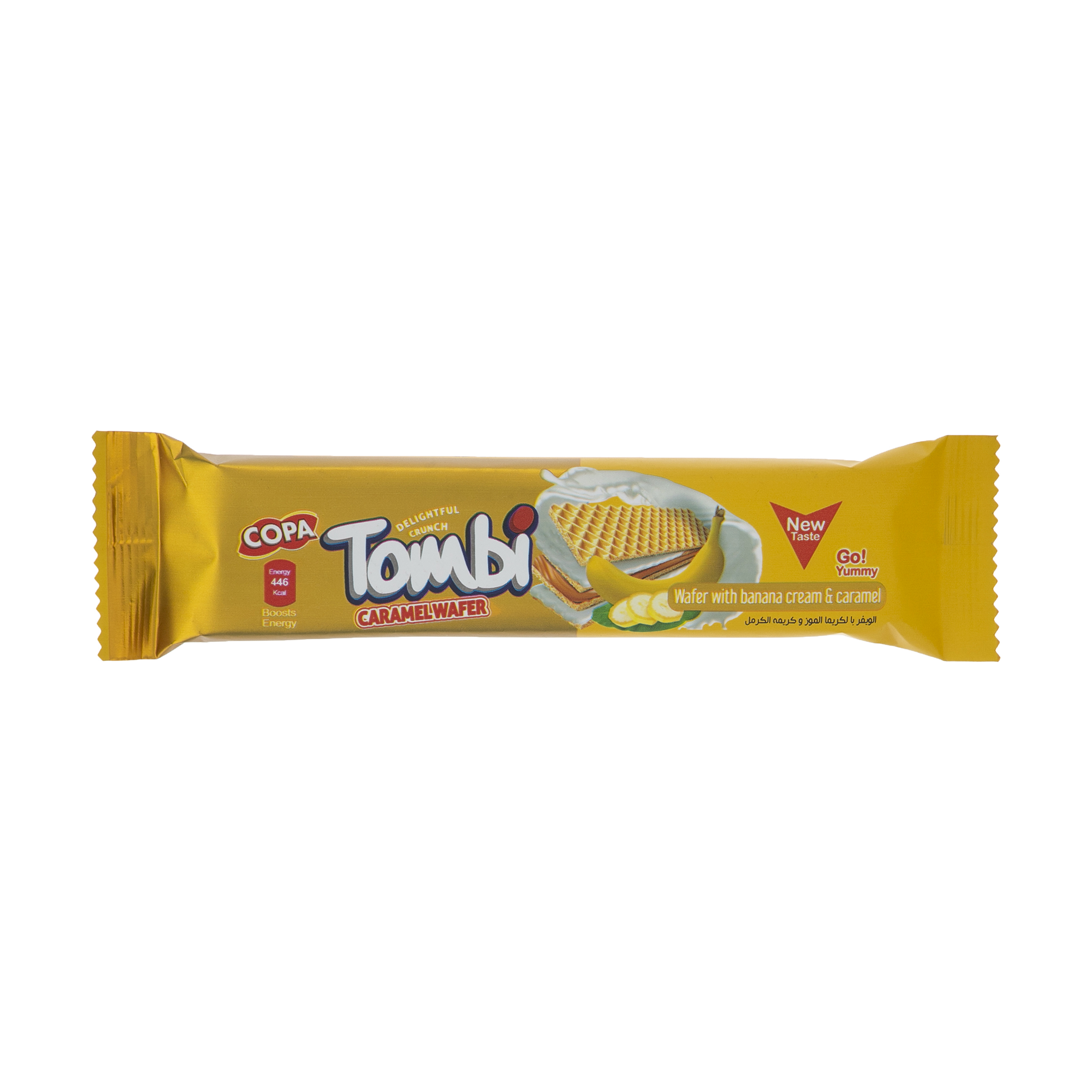 ویفر تامبی کوپا با طعم موز و کارامل - 18 گرم ویفر تامبی کوپا با طعم موز و کارامل - 18 گرم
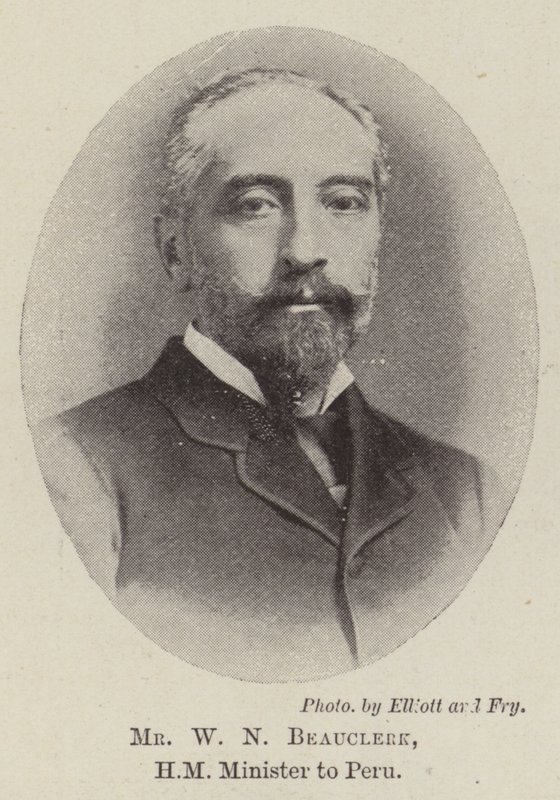 M. W N Beauclerk, Ministre de Sa Majesté au Pérou - English Photographer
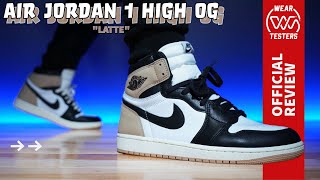 The Air Jordan 1 High OG Latte Are Super Nice [upl. by Adnale]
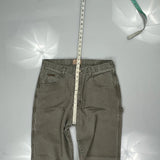 Schmidt Carpenter Trousers - 32W 31L Grey Cotton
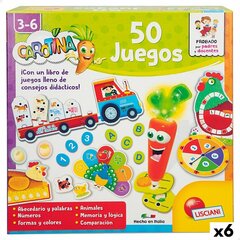 Edukacinis žaidimas Carotina Baby 50 rinkinų Lisciani, 6 vnt. цена и информация | Развивающие игрушки | pigu.lt
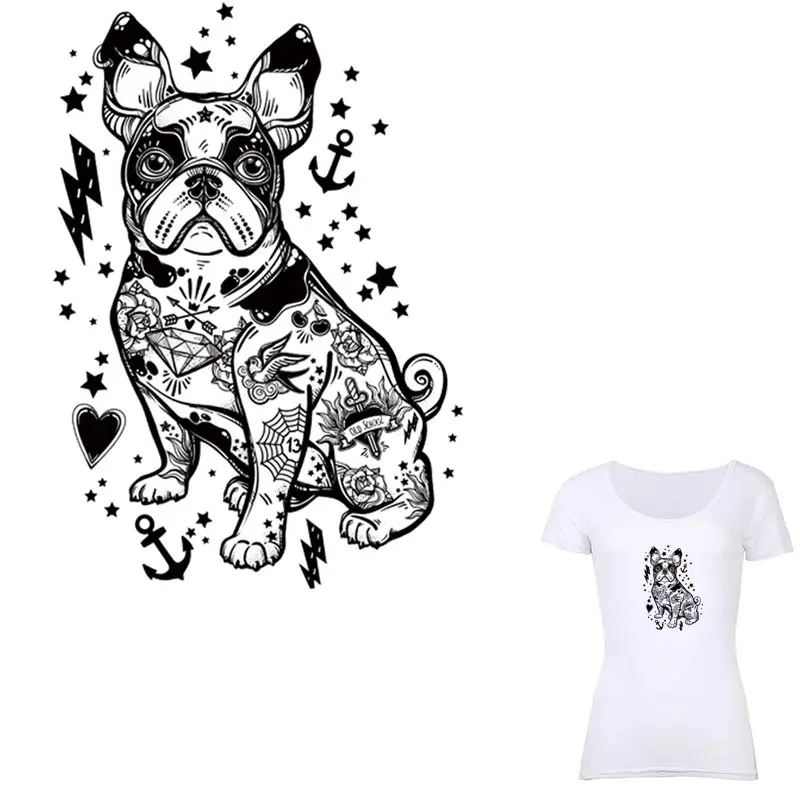 ONESAID Cute PVC Heat Transfers Dogs for Tshirt Iron on Transfers Heat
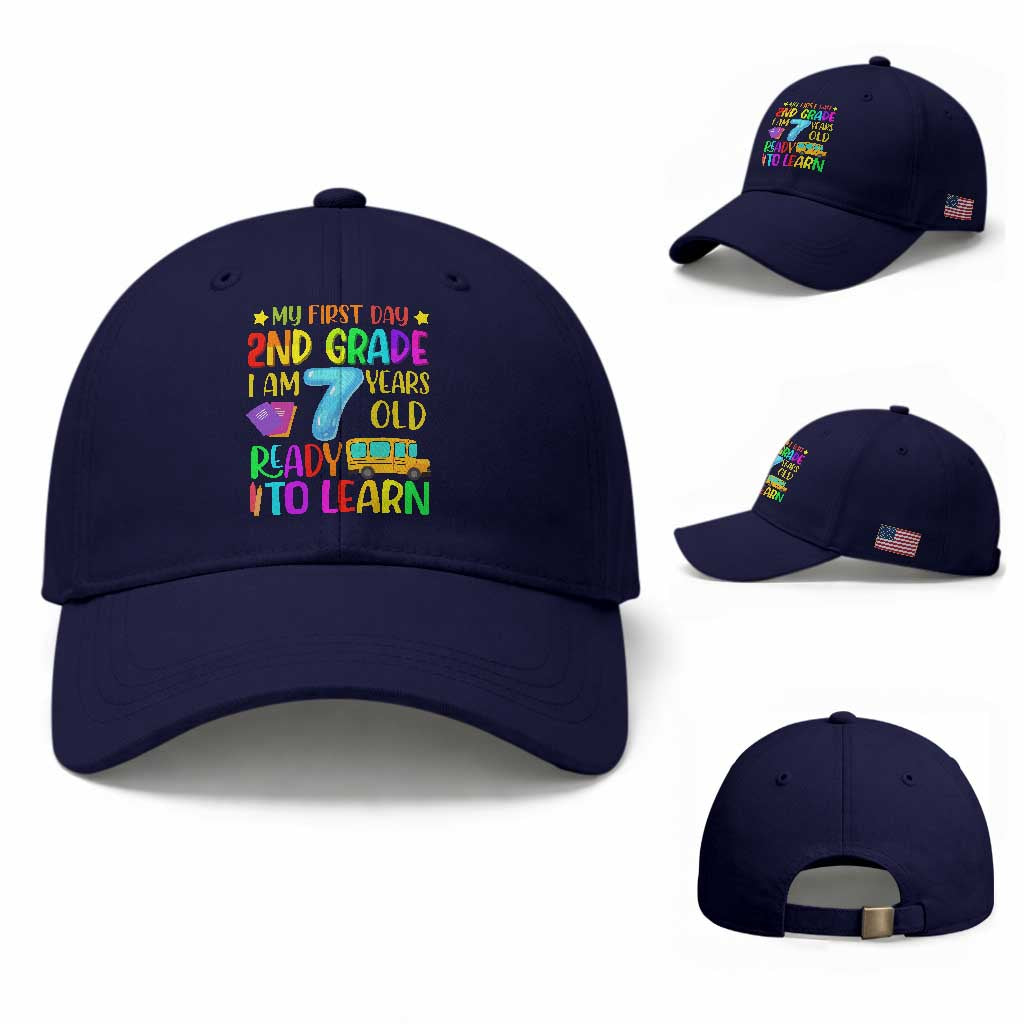 My First Day of 2nd Grade Baseball Cap Ready to Learn Back to School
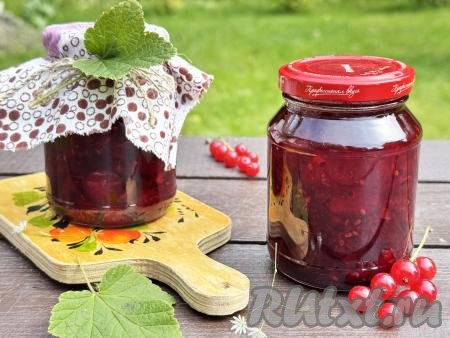Варенье из черешни и красной смородины
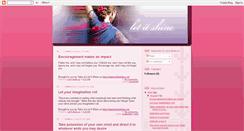 Desktop Screenshot of letitshineca.blogspot.com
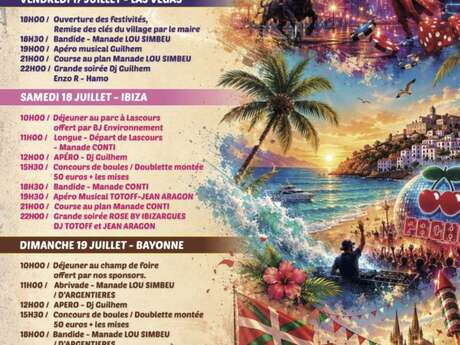 Fête votive de Cruviers-Lascours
________
WHAT TO PRODUCE
Reproduce the listing word for word, but keep the pictures out of it.

ANSWER AREA
 ویفر تامبی کوپا با طعم موز و کارامل - 18 گرم ویفر تامبی کوپا با طعم موز و کارامل - 18 گرم
 M. W N Beauclerk, Ministre de Sa Majesté au Pérou - English Photographer
 The Air Jordan 1 High OG Latte Are Super Nice [upl. by Adnale]
 Schmidt Carpenter Trousers - 32W 31L Grey Cotton
 Edukacinis žaidimas Carotina Baby 50 rinkinų Lisciani, 6 vnt. цена и информация | Развивающие игрушки | pigu.lt
 ONESAID Cute PVC Heat Transfers Dogs for Tshirt Iron on Transfers Heat
 My First Day of 2nd Grade Baseball Cap Ready to Learn Back to School
Варенье из черешни и красной смородины
 Desktop Screenshot of letitshineca.blogspot.com
 Fête votive de Cruviers-Lascours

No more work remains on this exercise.